= Beginning of Section =
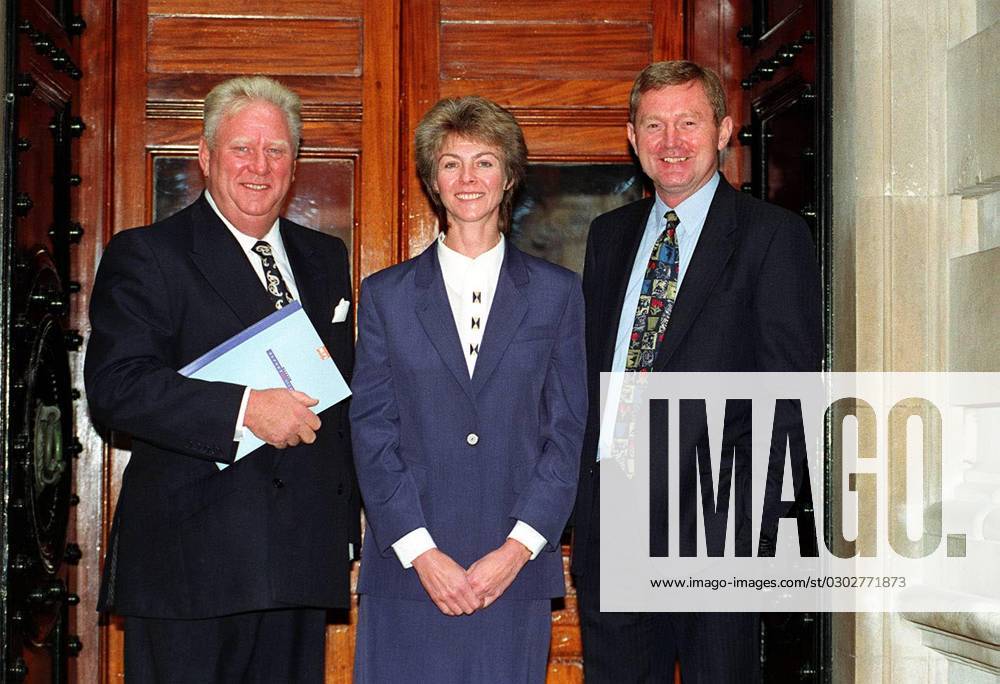 DEREK HUNT Chairman, MFI: SUE MURPHY Group Finance Director, MFI JOHN ...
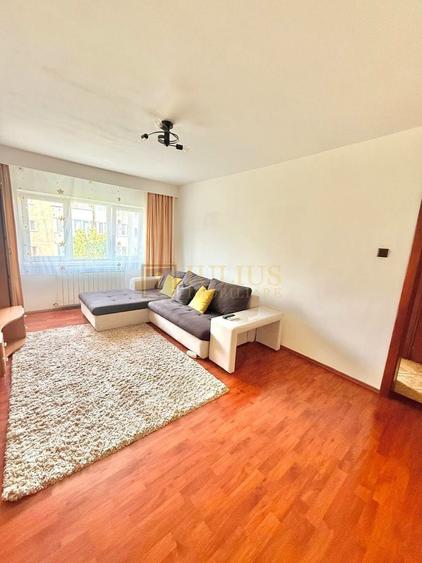 Apartament cu 3 camere decomandat, mobilat în Girocului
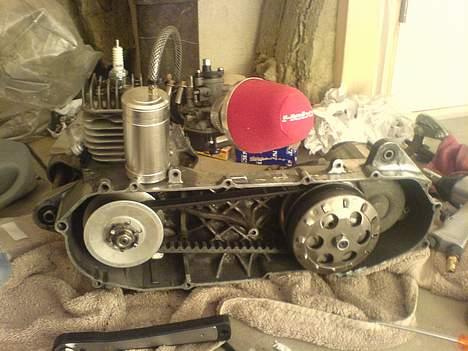 Yamaha Bump - Projekt - Dagen efter motor 2 kom hjem - allerede skildt i stumper - rengjort og samlet igen + ekstra ting monteret. billede 15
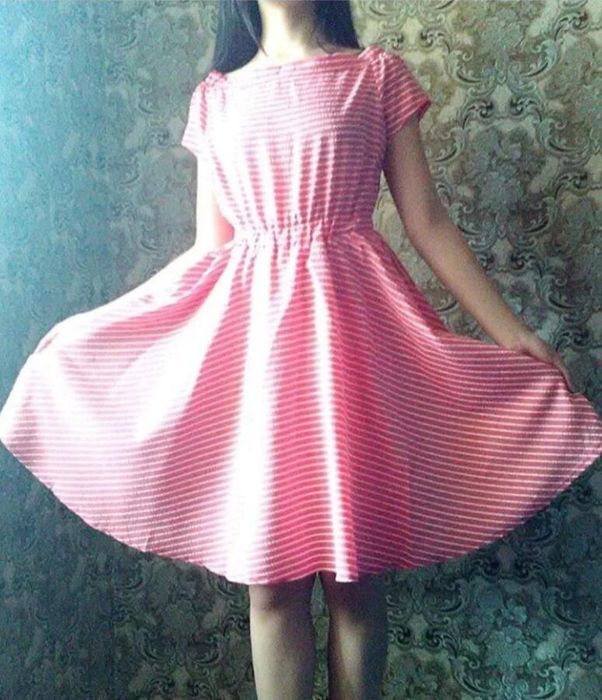 Женская одежда платья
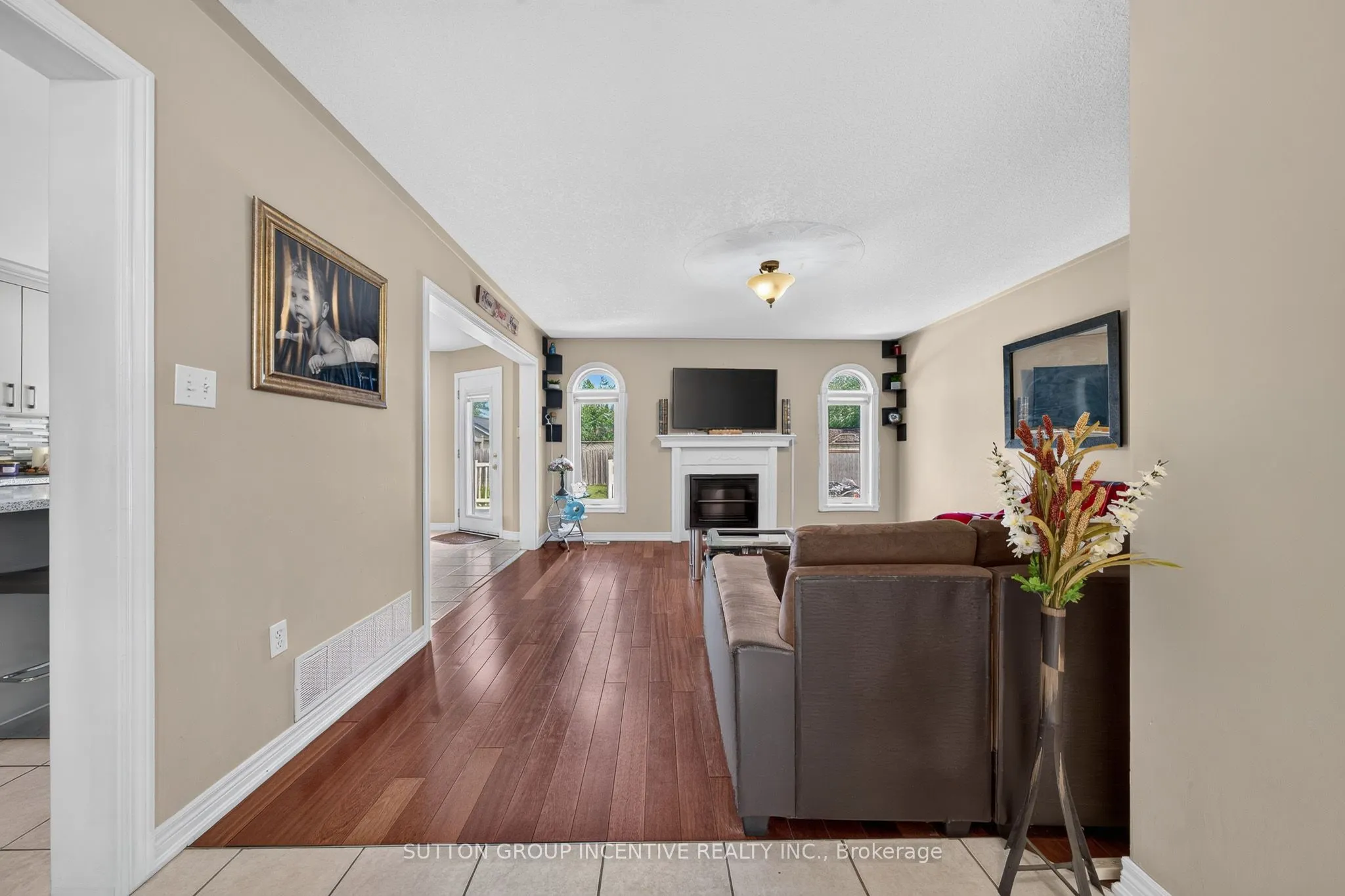 850 Leslie Drive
= End of Section =
* WORK REQUEST *
From the line containing "Yamaha Bump - Projekt" down to the final line of the material, restate every line word for word, and only those; drop the pictures.

* SOLUTION FOR THIS PROBLEM *
 Yamaha Bump - Projekt - Dagen efter motor 2 kom hjem - allerede skildt i stumper - rengjort og samlet igen + ekstra ting monteret. billede 15
 Женская одежда платья
 850 Leslie Drive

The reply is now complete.